Wagner forms his team with players from throughout Carroll County. This year's edition even has three from Hereford.

Wagner says he must recruit from afar because there sometimes aren't enough girls in the club's Westminster/Sandymount/Gamber draw areas to form a full team. Consequently, when the girls get old enough for high school, they head back out to the four winds.

"A couple of years ago, we sent girls to 11 different high schools," Wagner recalled.

He and the team's other coaches, Mike McGinnis and Julia Kravitz, evidently chose the right players for their current 2007 under-10 team. These kids have compiled quite an impressive record since beginning play in 2015.

They have won championships in two leagues and been finalists in four others since they started play. They have been runners-up in two tournaments and won two.

The first title was in last fall's Dillsburg (Pa.) Fall Shoot-out where they went 8-0 in their under-10 division. Wildfire gave up one goal the whole time, and that came on a penalty kick.

The second win came on May 20-21 when Wildfire won the York Cup under-10 title. This was also a sweep-four games. And Wildfire never surrendered a single goal.

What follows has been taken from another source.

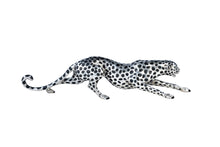 The Cheetah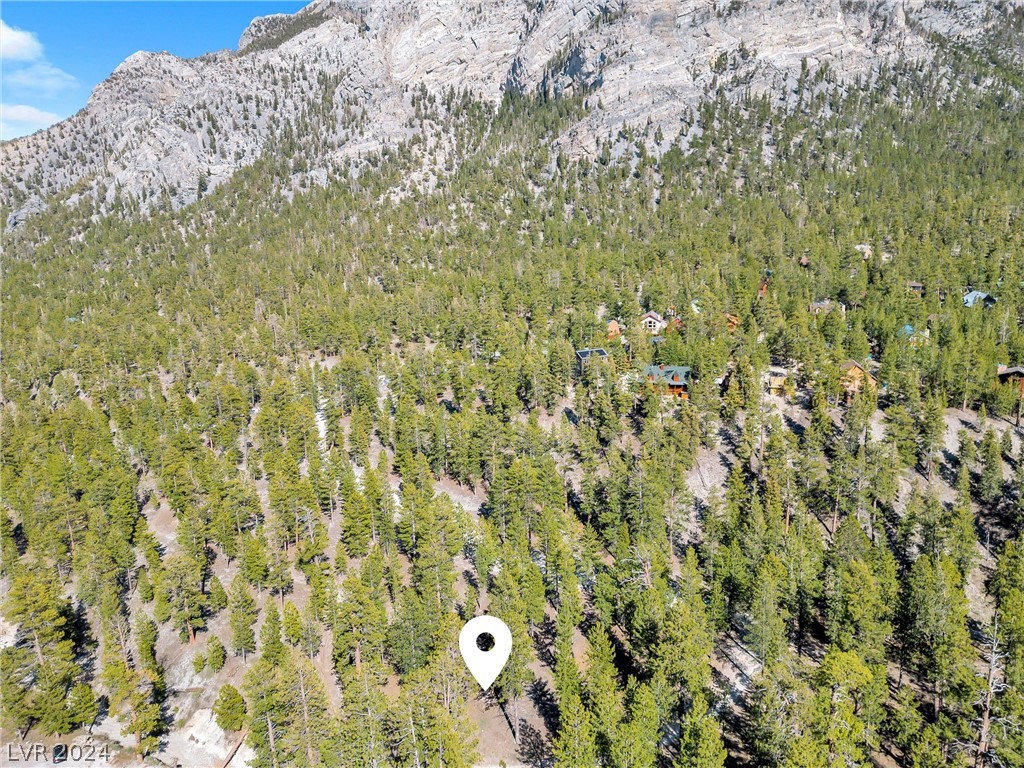 Lee Canyon Road Mount Charleston, NV 89124 - Photo 28 of 54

Wagner says that, in addition to being physically talented, these girls are soccer smart well beyond their years.

"When they play, they not only look ahead on the field to see what they have to do. They also see what the others on their team have to do," Wagner explained.

Part of this instinct comes through continual training.

If they are in a tournament and not playing, their coaches have them watch other games and ask them questions about what the teams are trying to do and if they are doing things correctly.

Wagner explained that this ongoing training combined with girls' innate soccer smarts has put them well in front of other youngsters their age.

"I watched a high school practice and taught some of the drills to the girls. A month later, I have under-10 girls doing the same drills," Wagner said. "This group has been quick learners. I set goals for the teams each year, and these girls are about a year ahead of where they would normally be."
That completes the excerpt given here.